O elenco de apoio não fica atrás. Nomes conhecidos como Vincent D’Onofrio e o sempre ótimo Andrew Garfield compõe a equipe. Já estamos acostumados a ver D’Onofrio no papel do poderoso arrogante, mas um Andrew Garfield ganancioso e manipulador soa positivamente refrescante. Andrew vai de um jovem sonhador e carismático a um fraudador repugnante sem se perder em sua personagem, garantindo a coesão na construção do (aparente) bom homem que se corrompe (ou se revela) com o poder.
Agora, sigamos para o que não corre tão bem em The Eyes of Tammy Faye.
Não tive uma criação religiosa e hoje me entendo como agnóstico, mas, mesmo assim, não escapei de me sentir incomodado com a representação dos evangelistas nesse filme. Isso não serve para todas as personagens, mas o núcleo central da trama é de uma inocência quase infantil. Tudo bem, é sabido que por serem criados para manter sua fé sem questionamentos e negar tudo que vai em desencontro com suas crenças, pessoas religiosas podem se tornar mais facilmente influenciáveis e suscetíveis a manipulação. Mas o que não me desce bem é a insistência da narrativa em tratar o casal Tammy Faye e Jim Bakker como golpistas que fazem o que fazem em prol de um bem maior, sem ter noção da real gravidade de suas ações.
Para ser sincero, a ideia de que Tammy tinha, de fato, boas intenções e de que acreditava que os fins justificam os meios, faz sentido e funciona.

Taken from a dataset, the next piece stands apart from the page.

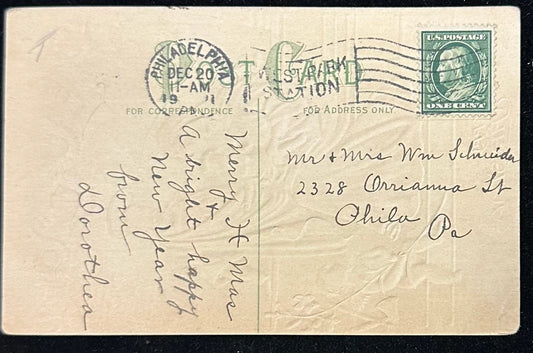 Holy Family with Angels above - A Merry Christmas - Embossed 1910 Vintage Postcard 1910's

Mas tentar convencer que Jim manipulava os outros simplesmente por que, antes disso, manipulava a si mesmo para acreditar que fazia o bem, quando simplesmente fazia encher os bolsos de dinheiro de fiéis, é difícil de engolir! Jim é um pilantra, e pilantra apenas!
A única decisão estúpida que compete com isso é o uso de orações em voice over. Ao usar narração para verbalizar as preces de Tammy Faye, o longa perde a oportunidade de usar do silêncio para causar emoção, e aposta numa ideia cafona que resulta em cenas extremamente piegas.
Entretanto, apesar de seus deslizes comprometerem bastante o filme, ainda é possível sair de The Eyes of Tammy Faye satisfeito. O filme cativa, revolta e emociona e, no fim das contas, se faz valer pelo competente elenco e pelo ótimo trabalho de sua atriz principal.